## Assignment
Each entry below should appear again exactly as written, without pictures.
◇ ◇ ◇ ◇ ◇
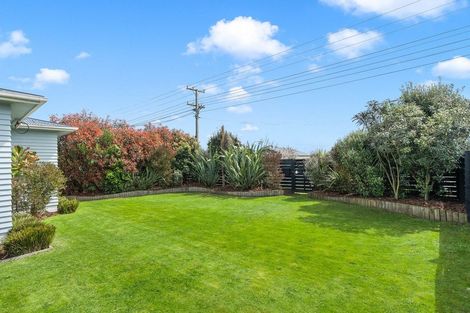 Photo of property in 73 Jellicoe Street, Martinborough, 5711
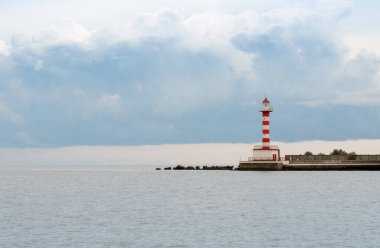 Limandaki kırmızı ve beyaz deniz feneri. Marine Pier 'da. Deniz Burnu, Odessa, Ukrayna.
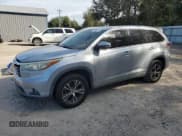 ✅ 2016 Toyota Highlander XLE • VIN: 5TDKKRFH4GS128723 • Lot: 90990245. Listed on Copart with 162,136 mi. Free auction sales archive from the USA and detailed vehicle history report at DreamBid. Image 1.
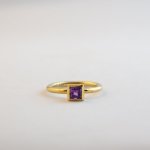 Square Small - Amethyst - Medium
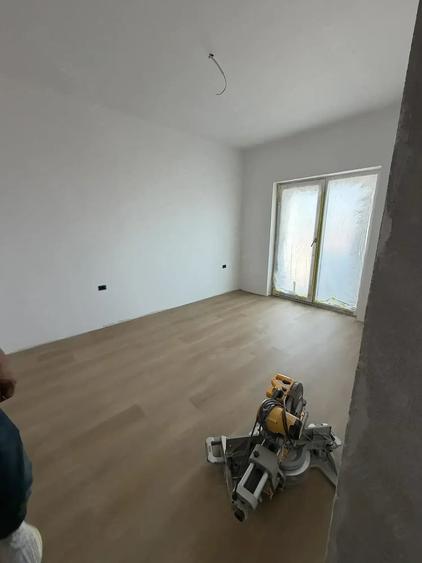 Garsonieră decomandată în Mehala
◇ ◇ ◇ ◇ ◇
## Completed exercise
 Photo of property in 73 Jellicoe Street, Martinborough, 5711
 Limandaki kırmızı ve beyaz deniz feneri. Marine Pier 'da. Deniz Burnu, Odessa, Ukrayna.
 ✅ 2016 Toyota Highlander XLE • VIN: 5TDKKRFH4GS128723 • Lot: 90990245. Listed on Copart with 162,136 mi. Free auction sales archive from the USA and detailed vehicle history report at DreamBid. Image 1.
 Square Small - Amethyst - Medium
 Garsonieră decomandată în Mehala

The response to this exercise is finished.